Miliband call to put workers first
People in work could be given priority over benefit claimants in the waiting list for social housing, under proposals being floated by Ed Miliband at Labour's annual conference in Liverpool.
Mr Miliband will use his keynote speech to say that councils allocating scarce homes should be required to take into account whether individuals are contributing to their community by working, volunteering, looking after their property and being "good neighbours".
And he will say that a Labour government would offer rewards and incentives to businesses which contribute to the community and the national economy through long-term investment and training.

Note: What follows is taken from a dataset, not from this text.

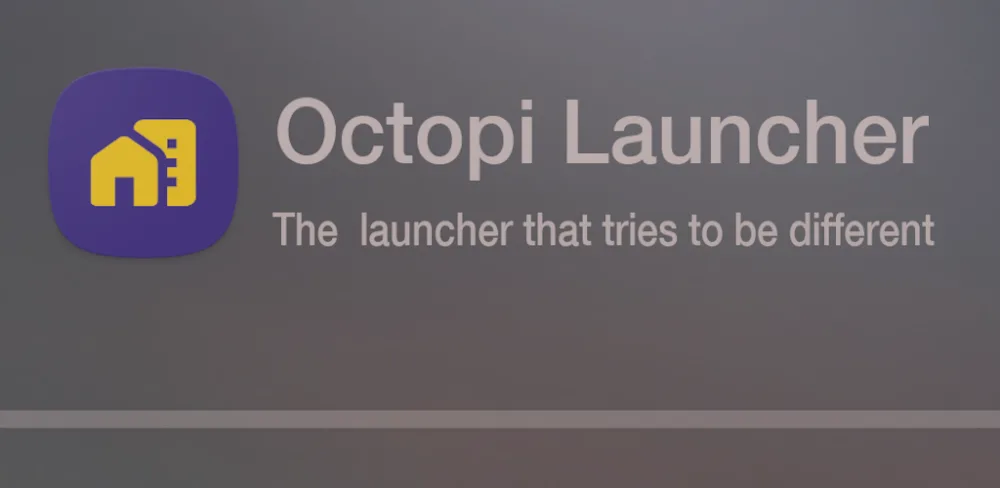 Octopi Launcher v1.1.754 MOD APK (Premium Unlocked)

Mr Miliband will set out the terms of a "new bargain" on both welfare and the economy to reward people and businesses who "do the right thing".
In a speech influenced by the experience of the banking crash, the phone-hacking scandal and riots in England's cities, Mr Miliband will say that the country is facing a "quiet crisis" caused by "an economy and a society too often rewarding not the right people with the right values, but the wrong people with the wrong values".

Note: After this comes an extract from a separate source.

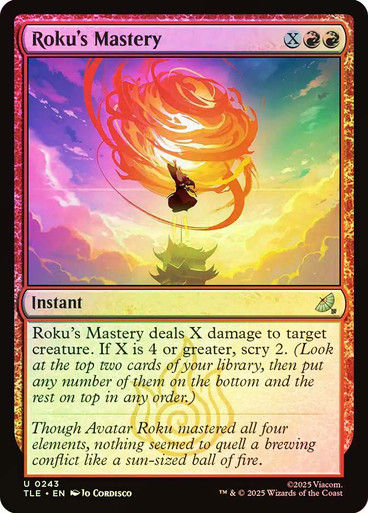 Roku's Mastery (TLE) (243) / Foil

He is expected to say: "Labour will always stand as the voice of the people, our people. Their values will be heard. And we will challenge the vested interests that benefit when the wrong values are rewarded. Never again should they be able to take advantage of a system which doesn't work to the values and instincts of decent people in our country. We need a new bargain. Based on a different set of values."
Under his proposed shake-up of the welfare system, social housing would no longer be allocated purely on the basis of need. Councils like Newham and Manchester have already started giving additional housing points to people in work. Mr Miliband's proposal would require all authorities to operate similar schemes, though the precise details would be left to individual councils, which could give priority to factors such as voluntary work.
And Mr Miliband will reject Tory claims that Labour is an anti-business party, insisting that all political parties must be pro-business in the modern era. But he will accuse the Conservatives of failing to distinguish between businesses which genuinely create wealth for the nation and those which make money by asset-stripping, without contributing to the communities within which they operate.
A Labour government would use tax breaks, regulation and the spending power of the state to favour companies which give something back to Britain, he will say. Companies which secure government contracts would be required to offer apprenticeships and tax incentives would encourage skills training and long-term investment.
Following his pledge earlier this week to reduce the cap on university tuition fees from £9,000 to £6,000, Mr Miliband will signal his determination to take action to get more young people from modest backgrounds into top universities.